I've been watching the .si conversation pick up, and I went in more skeptical than I am now.
On paper, .si is the country code for Slovenia. That's what it is. That's how almost everyone outside our world reads it. But domainers have always been good at finding a second meaning in an extension, and once in a while that second meaning actually takes. The rest of the time it's just a story we tell each other while we're renewing names we should have let go.
The second meaning this time is "super intelligence." And the only reason anyone takes it seriously is .ai.
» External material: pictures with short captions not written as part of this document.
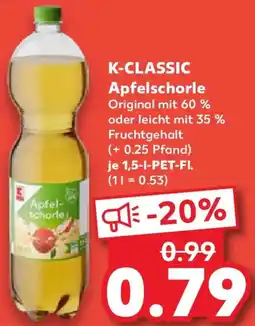 Kaufland K-CLASSIC Apfelschorle Angebot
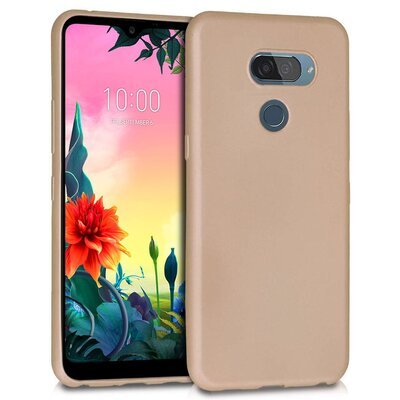 Microsonic LG K40S Kılıf Matte Silicone Gold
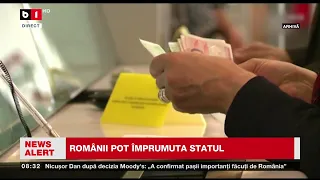Românii POT împrumuta din nou STATUL: titluri de stat TEZAUR
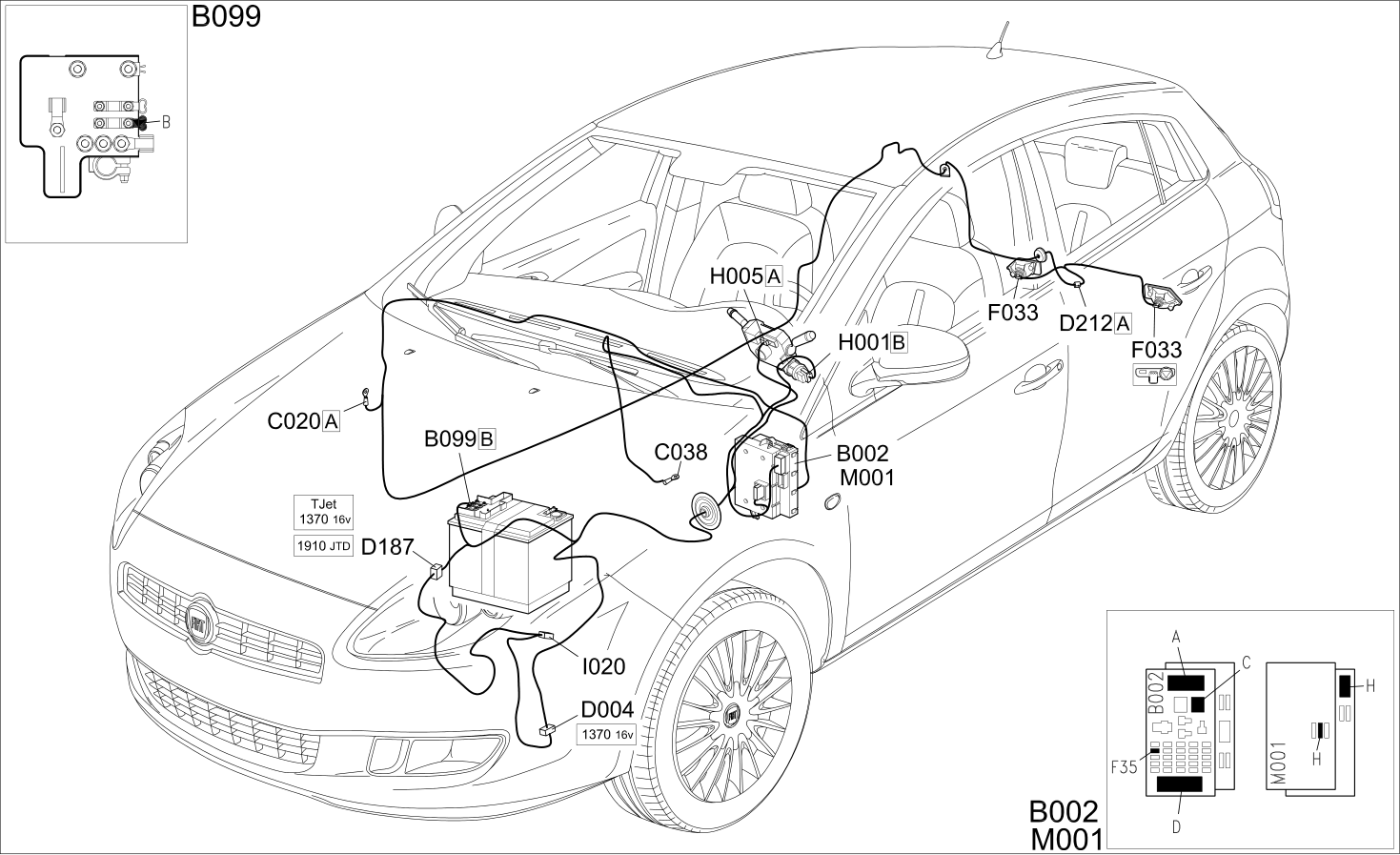 REVERSING LIGHTS - COMPONENT LOCATION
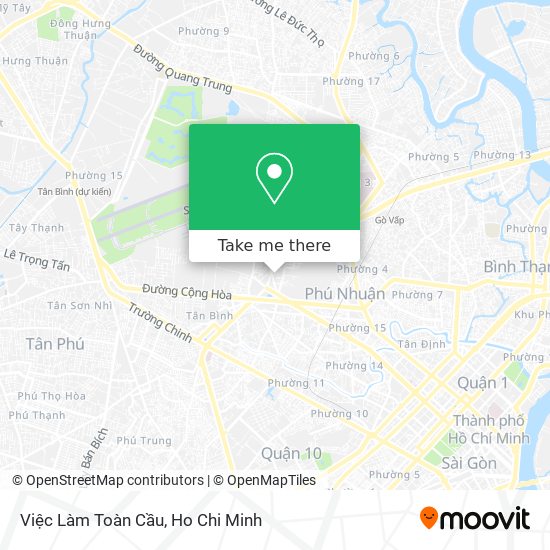 Việc Làm Toàn Cầu map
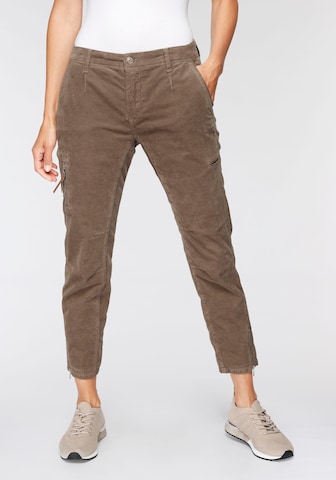 MAC Regular Pants in Brown: front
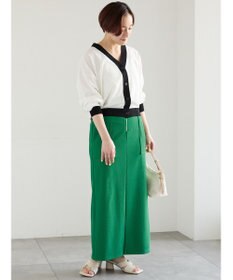 Te chichi フロントZIPトリコットタイトスカート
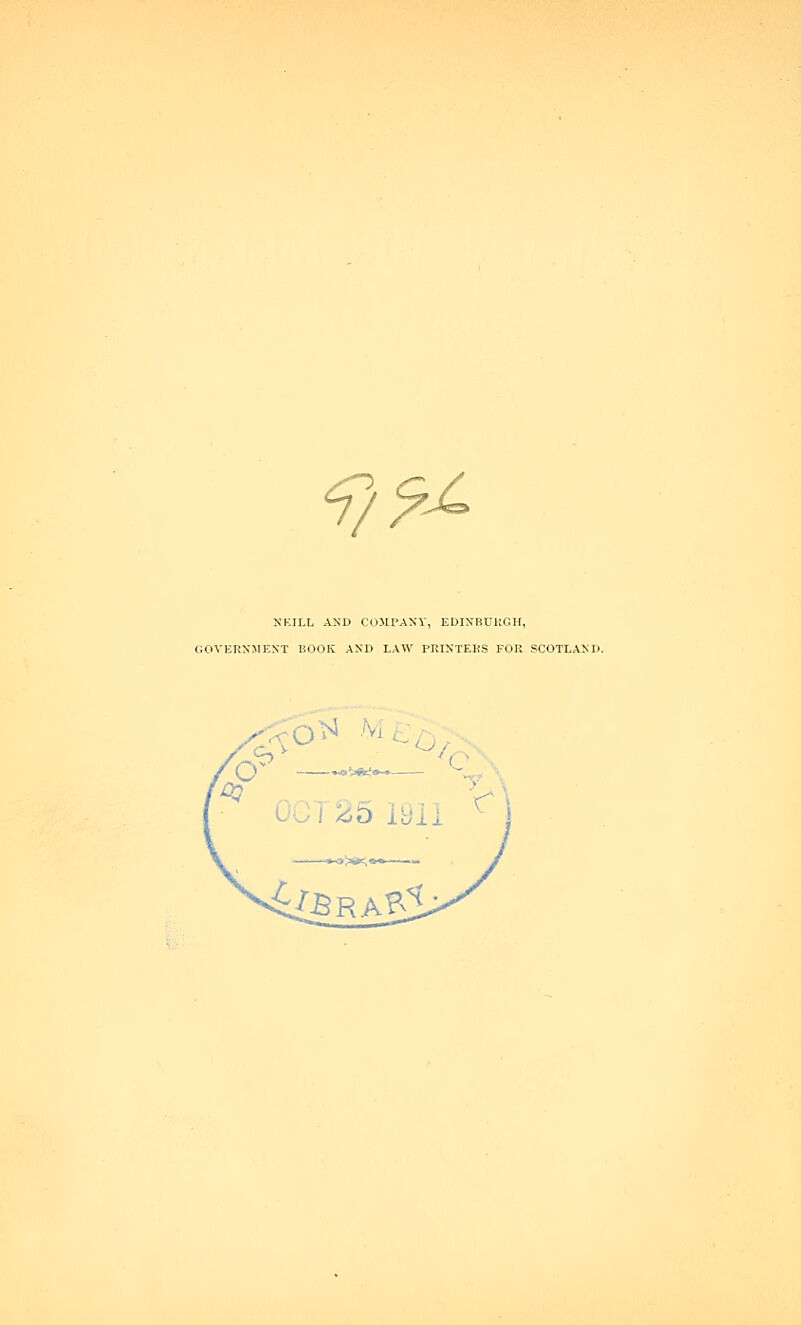 ?/?£ SKILL AND COMPANY, EDINBURGH, GOVERNMENT BOOK AND LAW PRINTERS FOR SCOTLAND.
We all watched that one go from a ccTLD nobody thought about to one of the hottest extensions in tech. AI became the word everyone was saying, and .ai was already sitting there, perfectly named for it.
So the question on the table is whether .si can borrow some of that.
The registry isn't dead, I'll give it that. As of June 5, 2026, Register.si shows 184,436 .si domains registered, with 6,342 of those new in the last month and 400 in the last 24 hours. That's real movement for a small ccTLD.
But small is the word that matters. .ai crossed a million registrations this past January. Domain Name Wire had it at 598,007 at the start of 2025, so call it 67% growth in a year. .com is on another planet, 163.6 million names at the end of Q1, out of 392.5 million across every extension there is, per the latest DNIB numbers. .si isn't in that conversation, and it isn't close to .ai either.
None of that kills the idea. It just means I want to look at it with my eyes open.
One thing I keep coming back to. With .ai, the buyer never needed anything explained. A startup throws an AI tool up on a .ai and everyone gets it instantly. The extension does the work. Does .si do that work for anyone outside our little circle? A domainer sees "super intelligence" right away. A founder deep in the space might. The person actually writing the check, probably not, at least not yet.
A strong .si could still land. Something short, something clean, tied straight to intelligence or agents or models or compute. There the extension is helping, handing the buyer a story before they've asked for one. But a weak name in .si is still just a weak name, and that's where these things go sideways. The angle shows up, the good names get grabbed, and then the quality falls off a cliff. Suddenly everything is a "super intelligence domain." Two random words. A phrase that wouldn't survive in .com, never mind a small country code.
And this isn't even a fresh angle. The .si super intelligence thing has been kicking around NamePros since the summer of 2024, when one X post sent a bunch of us scrambling to hand-register before lunch. So when I say we've seen this movie, I mean I've sat through this exact one already. I've registered into a trend, felt smart for a week, and then watched the renewal invoice tell me the truth a year later.
So I'm not calling .si a bad bet. I actually think it's one of the more interesting speculative angles going right now. Short, clean, real registry, real usage, and it's tied to a term that could get louder if the conversation keeps drifting from AI to AGI to super intelligence. But interesting isn't a market. A trend is domainers being interested in something. A market is end users showing up to buy and to keep paying for it. .ai has that. You can point at the companies. .si doesn't, not yet.
Maybe it gets there in a smaller way. A couple of strong names sell, somebody points at them, a real AI company launches on one and lends the whole thing some credibility. That's usually how these starts actually happen, slowly, with a handful of examples doing the convincing.
The test I'd use isn't complicated. Would the name look right on the homepage of a serious AI company? If yes, maybe .si is worth a look. If the honest answer is "it sort of works once you explain that SI means super intelligence," I'd slow down. The story is interesting and the timing isn't crazy, but the name still has to carry it.
Which is where I keep getting stuck, if I'm being straight about it. Some days the short ones look obvious and I'm halfway to checkout. Other days I remember every other extension that was going to be the next .ai and wasn't, and I close the tab. I haven't decided. I'm not convinced the people loudest about it have either.